The practitioner and analyst of Russian unconventional warfare in 1812, Denis Davydov, distinguished three levels of violence: (big) war, small war, and “burning one or two granaries” (Laqueur 1976, p. 46), for which he had no name and which I shall call small violence, or microviolence; even if passenger terminals of metropolitan airports or 747s were, in the near future, to be substituted for granaries. What differentiates microviolence—a mere quantity—is that with “small war” you may expect to impose substantial attrition on the enemy at least over the long run, and with “microviolence” not even that.

The numerous writings concerned with “urban guerrillas” and modern “terrorists” have focused on what they do, and—to some extent—on what makes them do it: which environments and personalities dispose to microviolence. Even the most sophisticated treatments, such as the recent analyses by J. Bowyer Bell and Walter Laqueur, do not systematically consider what they thought they were doing, precisely what good it would do.

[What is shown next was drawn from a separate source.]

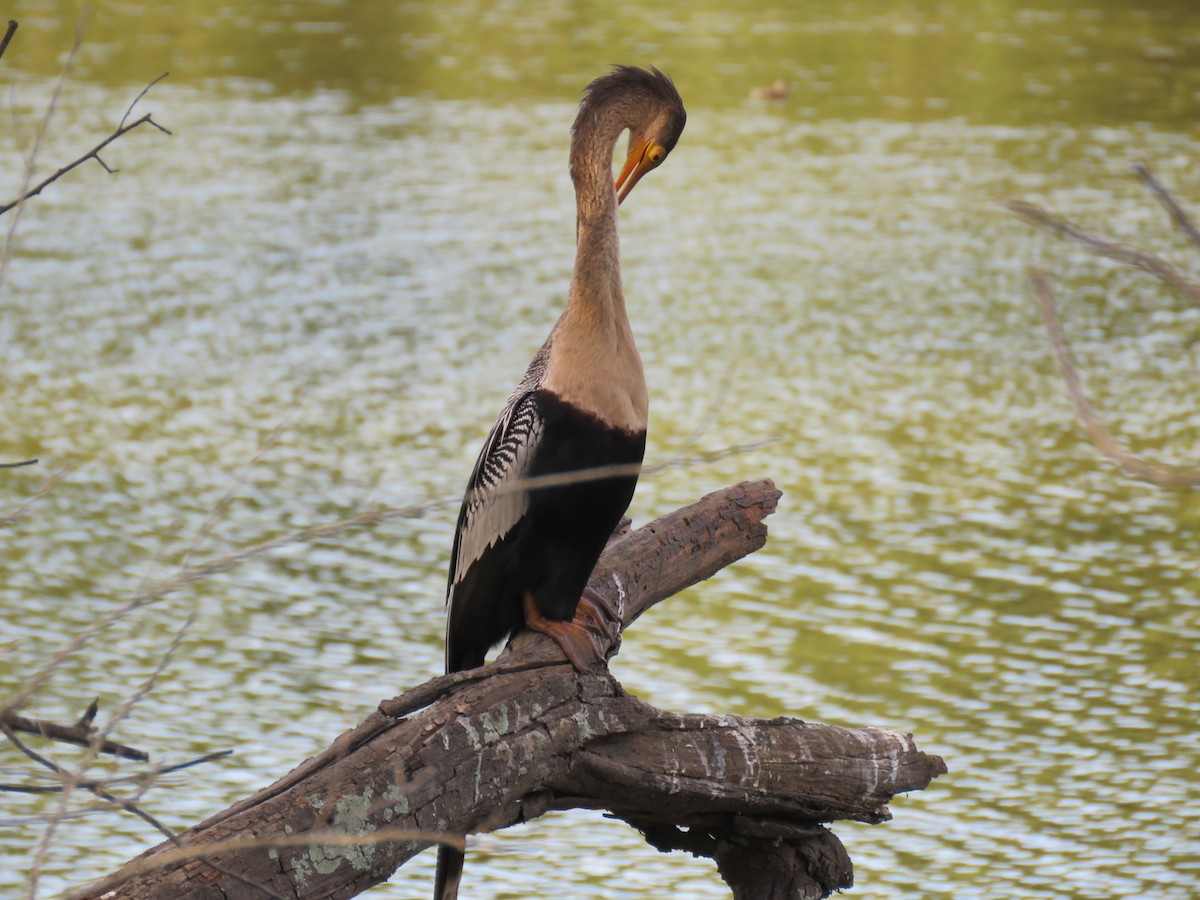 Anhinga - ML622265803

To be sure, in some cases where microviolence occurs on behalf of a widely shared cause—usually an ethnic one, whether it be Basque, Palestinian, Irish—a large part of the answer is evident. But what about the Weathermen, the Japanese United Red Army, the Italian Brigate Rosse, the West German Rote Armee Fraktion and June 2 Movement? It is with these that I shall largely deal.

Data on their calculations are meager, and those extant are not easily available. Hence the following pages are a very first approximation, much in need of correction, amplification, further illustration. But as no piece of similar structure has, to my knowledge, been written, the present one might yet be useful. I am aware of the disproportion between the importance of the subjects addressed in many of the following sections on the one hand, and their brevity on 4the other hand. But, apart from the faults in what I am saying, this should incite rather than repel.

Not all of the microviolent ones with whom I deal show all of the characteristics I shall describe. It might be a subsequent task to establish major constellations.

Of the factual assertions that enter into the microviolents’ calculations, many are, to put it mildly, dubious; often so clearly that I have left it to the reader to note the contrast with reality.

The microviolent ones inhabit a universe of estimates and preferences strikingly different from that of those who devise and execute countermeasures against acts of terror. If some of the latter gained from the following pages a more vivid understanding of their strange adversaries, this study might be of some use.

Sometimes I shall present reactions attributed to microviolent ones as if they had written this essay; the context will, I trust, convey this. Emphases, unless otherwise stated, are mine.

In analyses of “terrorists” in developed countries acting on behalf of a radicalism which is little shared, one question has often been slighted: how do they make it plausible to themselves that their acts serve the attainment of their goal? The pages to follow aim at drawing a first map of answers.

The essay was written in early 1977. No attempt has been made to incorporate the evidence which has become available since then.